Protein kinases are key regulators of cellular function and constitute one of the largest and most functional gene families. By adding phosphate groups to substrate proteins, they direct the activity, localization and overall function of many proteins and are used to coordinate the activity of almost all cellular processes. Kinases are particularly prominent in the coordination of signal transduction and complex functions such as the cell cycle. The diversity of basic functions mediated by kinases is shown by the preservation of approximately 50 different kinase families between the yeast, invertebrate and mammalian kinase groups. Of the 518 human protein kinases, 478 belong to a single superfamily, and their catalytic domains are related in turn.

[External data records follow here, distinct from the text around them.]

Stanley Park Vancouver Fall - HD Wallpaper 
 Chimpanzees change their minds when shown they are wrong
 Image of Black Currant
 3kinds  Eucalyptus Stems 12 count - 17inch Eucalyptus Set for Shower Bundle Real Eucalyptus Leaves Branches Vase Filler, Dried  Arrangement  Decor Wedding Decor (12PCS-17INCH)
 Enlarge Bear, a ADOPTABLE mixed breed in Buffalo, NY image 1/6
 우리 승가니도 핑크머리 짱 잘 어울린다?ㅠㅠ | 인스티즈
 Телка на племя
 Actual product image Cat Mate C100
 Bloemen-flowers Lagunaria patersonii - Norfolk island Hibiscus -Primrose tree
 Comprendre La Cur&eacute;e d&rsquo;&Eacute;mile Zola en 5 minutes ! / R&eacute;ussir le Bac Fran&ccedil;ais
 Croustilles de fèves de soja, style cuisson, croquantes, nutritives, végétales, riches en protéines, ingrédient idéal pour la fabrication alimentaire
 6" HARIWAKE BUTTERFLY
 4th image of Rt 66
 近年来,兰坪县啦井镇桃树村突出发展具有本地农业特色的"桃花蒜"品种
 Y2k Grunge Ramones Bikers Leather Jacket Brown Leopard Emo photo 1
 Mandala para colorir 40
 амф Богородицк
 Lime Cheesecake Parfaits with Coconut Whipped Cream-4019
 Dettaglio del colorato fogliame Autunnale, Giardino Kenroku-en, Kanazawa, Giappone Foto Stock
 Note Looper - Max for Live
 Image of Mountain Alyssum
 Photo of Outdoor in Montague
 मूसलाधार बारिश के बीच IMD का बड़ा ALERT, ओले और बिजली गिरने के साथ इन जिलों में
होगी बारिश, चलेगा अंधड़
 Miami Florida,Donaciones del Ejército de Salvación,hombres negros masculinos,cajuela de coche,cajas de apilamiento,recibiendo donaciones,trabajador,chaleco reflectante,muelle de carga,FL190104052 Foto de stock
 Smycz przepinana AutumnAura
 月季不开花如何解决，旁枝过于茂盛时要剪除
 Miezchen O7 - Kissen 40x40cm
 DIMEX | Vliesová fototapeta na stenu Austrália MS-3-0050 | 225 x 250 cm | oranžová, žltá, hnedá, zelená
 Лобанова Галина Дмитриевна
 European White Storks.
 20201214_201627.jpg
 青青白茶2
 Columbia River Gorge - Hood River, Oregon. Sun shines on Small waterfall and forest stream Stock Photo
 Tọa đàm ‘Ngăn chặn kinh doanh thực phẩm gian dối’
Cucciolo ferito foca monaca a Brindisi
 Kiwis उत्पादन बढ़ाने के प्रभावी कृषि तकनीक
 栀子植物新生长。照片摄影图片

These can be clustered into groups, families and subfamilies with increased sequence similarity and biochemical function. The kinase dendrogram (top panel) shows sequence similarity between these catalytic domains: the distance along the branches between the two kinases is proportional to the difference between their sequences. Seven major groups were marked and markedly colored. For example, tyrosine kinases form a unique group whose members phosphorylate proteins on tyrosine residues, while enzymes in all other groups primarily phosphorylate serine and threonine residues. In some cases, the relationships shown on the tree can be used to predict many of the protein substrates and biological functions of the more than 100 uncharacterized kinases provided herein. The other 40 'atypical' kinases have no sequence similarity to typical kinases, but are known or predicted to have enzymatic activity, and some are predicted to have structural folds similar to typical kinases.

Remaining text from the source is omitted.